Nella lunga scia balorda del mio covid 1 e nelle diramazioni feroci del mio covid 2 ho eseguito rassegne continue della mia vita, onde cercare di ancorarmi ai tanti ricordi belli – ho una memoria strepitosa, intonsa – intanto che il virus maledetto mi toglieva i gusti, gli odori e altri piaceri (il culmine dei culmini quando dovetti squallidamente riconoscere che non provavo più voglia alcuna di ostriche, per me ormai nel non gusto vicinissime al pollo lesso senza maionese). Tutto ciò mentre si rafforzavano certe costanti sensitive: fra esse il non riuscire proprio a non godere per le disgrazie (sportive e non solo) della Juventus.
Che male c’è a tifarle contro, sino a godere dei suoi crucci, memori di quando lo facevano verso di noi i suoi tifosi?
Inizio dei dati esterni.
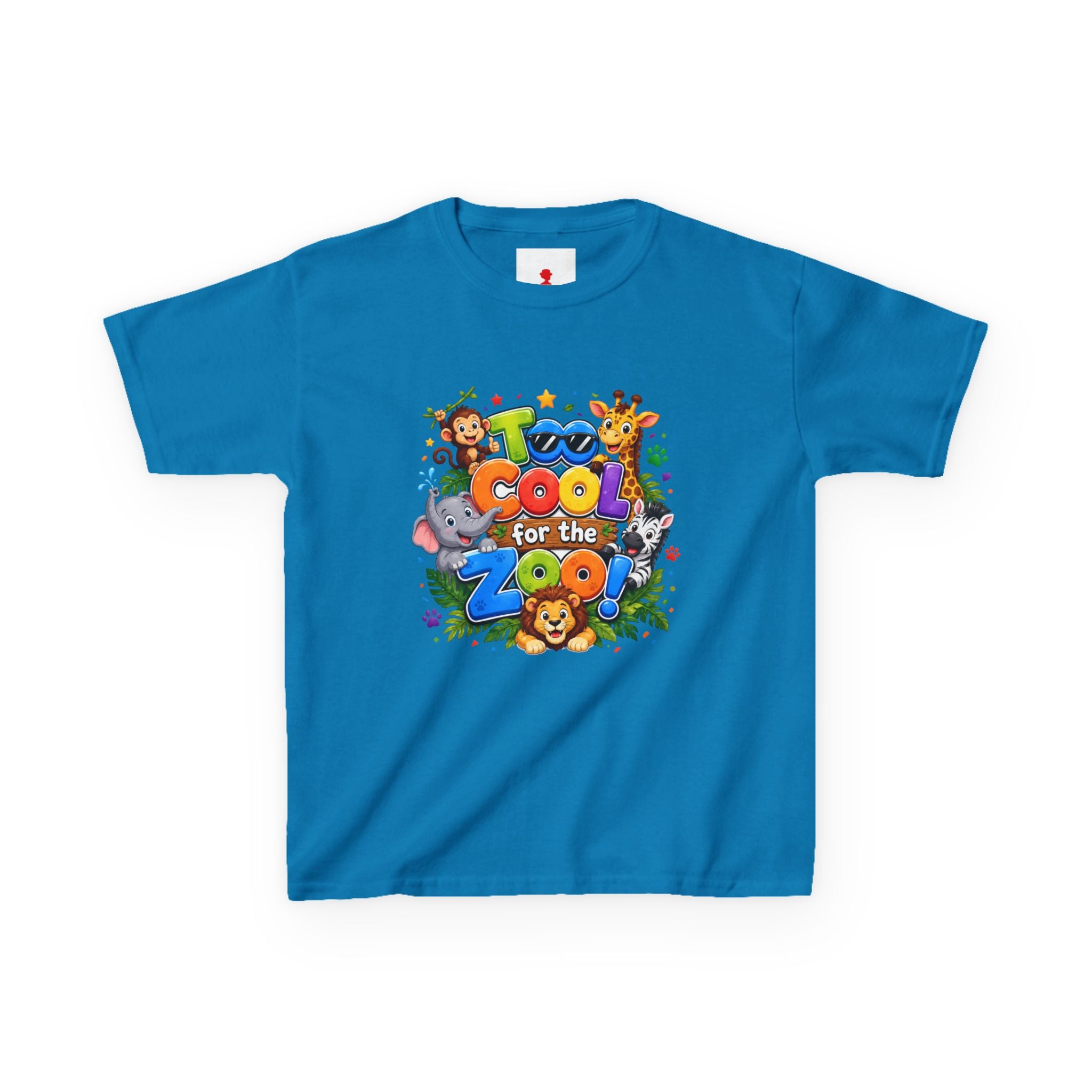 Kids Tee — "Too Cool for the Zoo" Colorful Animal Graphic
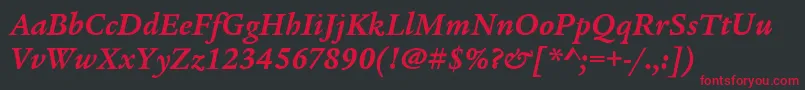 LegacySerifItcBoldItalic Font – Red Fonts on Black Background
Se devo in qualche modo, per qualche verso ringraziare il covid 2, è proprio per questo rafforzamento di qualcosa che sapevo dentro di me, nel senso di una ribellione per il “massì, è pur sempre una squadra della mia città”. Macché massì. Che male c’è a tifarle contro, sino a godere dei suoi crucci, memori di quando lo facevano verso di noi i suoi tifosi? È un teatrino, amen. Boniperti amava il Grande Torino la cui memoria era sempre ben viva in lui, e però in caso di derby vinto (frequentemente) dai bianconeri imitava Gianni Agnelli e mi diceva, in un francese di pronuncia povera di fronte a quella sontuosa del suo sire: «On a tué la vache».
In fondo se ho un debito con i miei covid è proprio per via di questo accertamento che specie il covid 2 mi ha permesso, facendo speleologia e alpinismo insieme nei miei sentimenti sportivi, pardon calcistici (lo sport è altra cosa che il calcio, specie questo calcio). Personalmente dico che, se ci volevano due covid, un insieme di nove ospedali, un quasi tre mesi di ricoveri, di cui uno in terra francese proprio il giorno in cui Giampiero moriva, per chiarirmi che godere della Juve che perde colpi non è sadismo, idiozia, becerume, tradimento cittadino e altro ancora, è invece divenire umano, benvenuto anche il covid 2. Dopo Juve-Monza 0 a 3 mi doleva ancora terribilmente l’inguine per le tre sonde che da lì erano salite, con una minianestesia, al cuore e dintorni, ma nel sogno acre studiavo la prima frase che avrei voluto dire a Giampiero redivivo: «Ho peccato? È peccato? No, è vita!». Mi sostiene il grande Catullo, “odi et amo, quare nescio… sed fieri sentio et excrucior”. Excrucior, sì, scocciato nobilmente alla Gianni Agnelli, non addolorato e meno che mai pentito.